Vulnerabilities can result from different type of inputs but it is important to share the same vulnerability scoring system and criteria in order to be able to make an assessment and prioritization.
Common Vulnerability Scoring System CVSS version 3.1 [4] allows to define an overall scoring of a vulnerability based on the following metric groups as defined in Figure 3: • Basic: intrinsic qualities of a vulnerability that are constant over time and across user environments • Temporal: characteristics of a vulnerability that change over time • Environmental: characteristics of a vulnerability that are unique to a user's environment It is the environmental metrics groups that will allow an organization to reassess the vulnerability overall scoring regarding its own environment (affected primary/supporting assets, etc.).
Vulnerabilities can be from different origin types and sources:
• Audits and penetration testing reports: Vulnerabilities can result from security audits and penetration testing findings. Depending on the scope and perimeter and type of audits, such as black box or crystal box, it is possible to identify non-identified vulnerabilities on the system. In order to be able to integrate those results in the vulnerability management process it is important to use the same scoring and metrics to be able to make an assessment using the same criteria.
Reports from security audits and penetration testing shall present the vulnerabilities identified using the CVSS scoring. Most of the time as the tests are done by external third parties, only the Base and Temporal Metric Group can be fulfilled in this situation.
• Publicly disclosed vulnerability -CVE: Some vulnerabilities are publicly available. This is the case for CVEs [10] (Common Vulnerabilities and Exposures) which are computer security flaws, disclosed by CNAs (CVE Numbering Authorities) assigned to a specific CVE ID. Those software based CVE are assessed using the current Common Vulnerability Scoring System CVSS version 3.1 [4] and can be related to a CPE [14] (Common Platform Enumeration) which is a structured naming scheme for information technology systems, software, and packages. Those vulnerabilities are the most common to deal with in a vulnerability management process.
• Non-Compliance -Security baseline: Vulnerabilities can also be expressed as a lack of security measure, or more specifically to a noncompliance to security requirements from the security baseline applicable to the system. The statement of compliance regarding the security requirements can be expressed as Covered/Partially covered / Not covered. Depending on this status it is possible to create a vulnerability issued from the non-compliance using the CVSS scoring.
In order to be able to use those vulnerabilities in risk scenarios definition, it is needed to use the same scoring metrics (such as CVSS). Further inputs can be found in [6]Figure 3.
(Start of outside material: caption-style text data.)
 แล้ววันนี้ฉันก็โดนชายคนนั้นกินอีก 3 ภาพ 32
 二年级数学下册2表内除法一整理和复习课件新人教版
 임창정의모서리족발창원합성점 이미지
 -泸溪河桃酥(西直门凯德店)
As per ISO 27005 [1] definition, the Information Security Risk Management process is a systematic approach to information security which is necessary to identify organisational need regarding information security requirements and to create an effective Information Security Management System (ISMS) in support to ISO 27001 [15].
Information risk management is a continuous process that enables to keep residual risks at an acceptable level for the organisation.
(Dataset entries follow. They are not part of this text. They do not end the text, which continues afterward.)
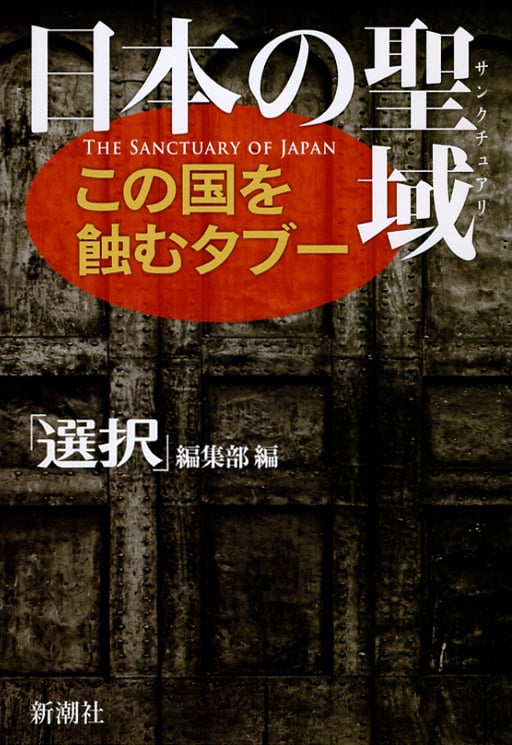 日本の聖域(サンクチュアリ) この国を蝕むタブー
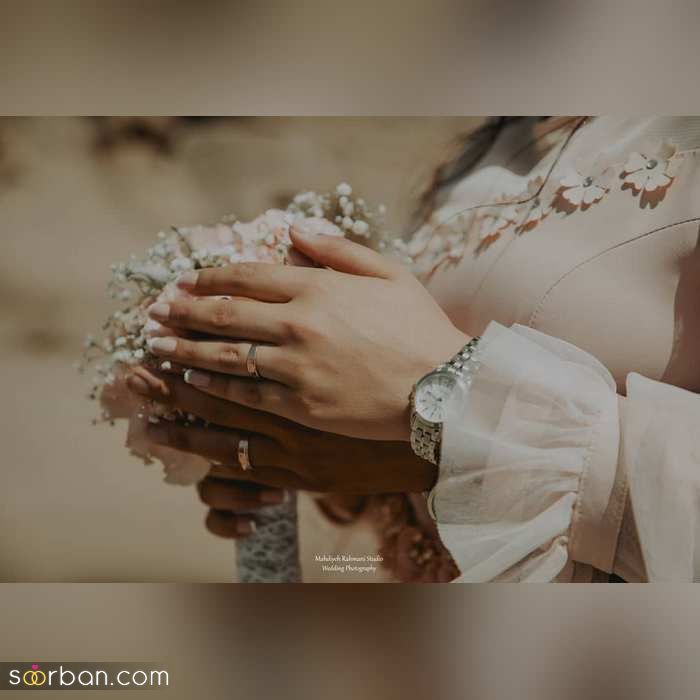 ژست های جدید و زیبا با حلقه ازدواج در جشن عقد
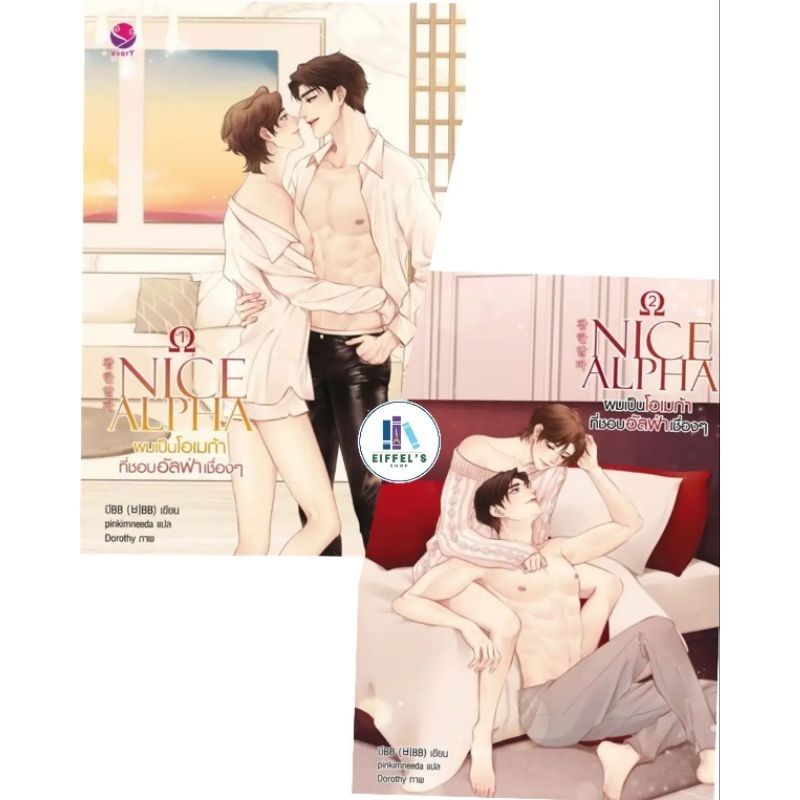 Nice Alpha ผมเป็นโอเมก้าที่ชอบอัลฟ่าเชื่องๆ เล่ม 1-2  (2เล่มจบ) บีBB เขียน มือหนึ่งในซีล ราคาปก 235-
In this paper, the EBIOS Risk Manager [9] methodology is used as an information security risk assessment framework. The segregation of risk scenario into strategic and operational scenarios makes it suitable for this exercise. In this paper, the focus is on operational scenarios and how they can be:
• Used to build scenarios suitable for vulnerability management (2.1 top down challenge);
• Built from audit results from vulnerability management process, with limited prior knowledge of the sub-system architecture (2.2 bottom-up challenge).
Operational scenarios are defined by different attack paths an attacker can realize to trigger a strategic scenario. Attack path are designed with the support of the Cyber Kill Chain® concept [5]. An attack path is composed of a sequence of steps, each of them composed of a technique (elementary actions also called elementary threats) and supporting asset (on which the technique is applied).
Various implementation of Cyber Kill Chain® knowledge base exists, the most well-known are the ATT&CK MITRE [11] or the Attack Kill Chain from Microsoft [16].
Figure 5: Simplified Cyber Kill Chain® [9] In this paper, a simplified kill chain (proposed in EBIOS RM [9]) is used and composed of the following tactics in Figure 5: 1. Knowing: gather information on the targeted system (OSINT, Intelligence, etc.);
2. Entering: Find a way to enter into the targeted system (social engineering, USB key, fishing, existing channel, etc.); 3. Finding: recognition of internal assets and lateralization; 4. Exploiting: Exploitation of a malicious payload, maintaining on the system and exfiltration of the data. The kill chain helps to understand the operational scenarios, by exploiting vulnerabilities to implement techniques on supporting assets and how to prevent it by interrupting it as soon as possible. Being able to identify the most likely paths of an attacker to reach its target objective is mandatory in order to identify where to breach for a greater efficiency to lower the risks at reasonable cost.
The Figure 6 below presents the proposed STEPs for connecting and adjusting information from Operational Scenario (OpeSce) and Vulnerabilities.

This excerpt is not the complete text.